HBR: Don't Give Cash Performance Bonuses in a Loss-Making Company

Bonuses, particularly performance bonuses, negotiated up-front, are standard and reasonable fare in established businesses. Some smart people think they're a good idea in start-ups, too. The basic argument is the same for start-ups as it is for other companies: incentives focus and motivate managers and individual contributors alike; tying compensation to goals stimulates performance. It's not a crazy notion in the abstract, even though some research shows that cash rewards can actually diminish performance in cognitive tasks. I'm all for profit-sharing, but only when there's a handsome-enough profit to share. Until your company is generating a bonanza, you shouldn't consider doing anything other than reinvesting the cream in your growth. And I think cash bonuses are a particularly bad idea when your start-up is losing money.

Performance bonuses send the wrong message at a loss-making. The chief economic reason your team should be at the start-up is the long-term upside, the equity, the Shangri-La over the mountain. Rewarding people with cash payouts dilutes the mission. It reinforces the traditional primacy of upfront dollars over creating appreciated stock value and shared gain. At a start-up, unlike at a large company, every team member can have a material impact on the value of the stock. Connecting individual performance to that stock value — with initial and even additional "bonus" grants, for example — is a terrific motivator consistent with your message. Cash bonuses do nothing for esprit de corps (have you ever met two mid-level people at Goldman Sachs who actually like each other?). An emphasis on equity, by contrast, reinforces the understanding that we are all in this together, that our successes and failures have mutually felt impact.
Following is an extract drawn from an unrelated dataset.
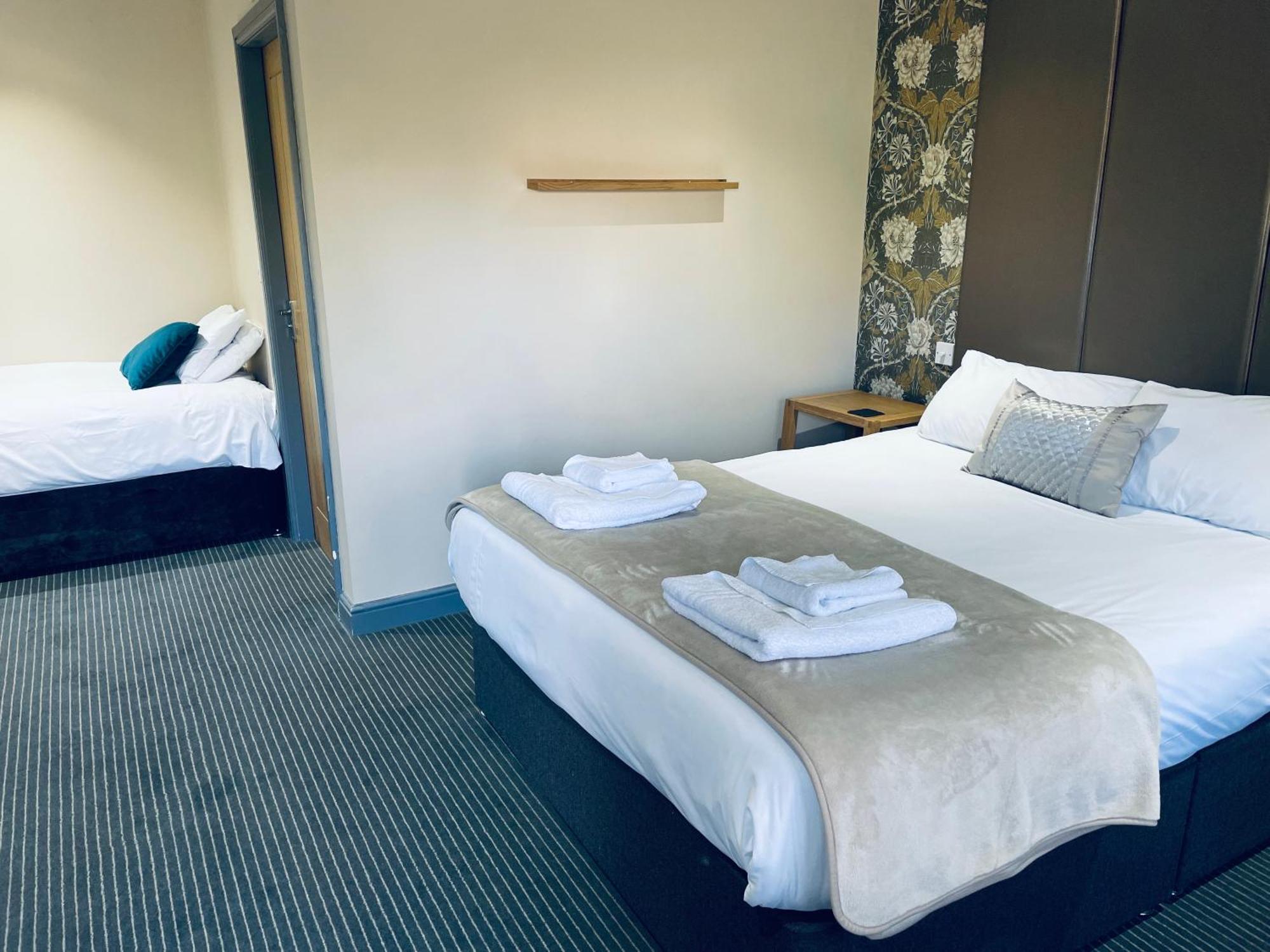 The New Hobbit Hotel Rooms 哈利法克斯 客房 照片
I am especially opposed to cash bonuses for senior management in loss-making start-ups. Even among top, high-integrity professionals, upcoming cash bonuses become short-term focuses for executives and their families. They come to plan on the anticipated income. They tend to work hard toward their individual measured objectives so that can get the cash. Drucker-style management by objectives — what economists would call a "non-cooperative game" — works reasonably well in large corporations.

But giving incentives for self-interested behavior kills small companies. Much more often than large ones, small companies experience all-hands moments: account disasters, product changes, personnel shifts, outages, and unexpected good and bad news that affect the entire organization. Every change in a start-up has much bigger potential immediate and downstream consequences than at a large company. When a colleague calls in sick at a 20-person company, 5% of your workforce is out. When the marketing guy gets married and moves across the country, you have lost your entire marketing team. You need your executives to be ready, willing, and excited to step into the breach. They can't be privately or openly reluctant to step away from their short-term, cash-rewarded objectives in order to focus on a new or different problem that might be in "someone else's wheelhouse". You need your executives to benefit from a "cooperative game" that focuses them both on themselves and on the good of their tribe. Individual executive performance cash bonuses directly undermine this cooperation objective.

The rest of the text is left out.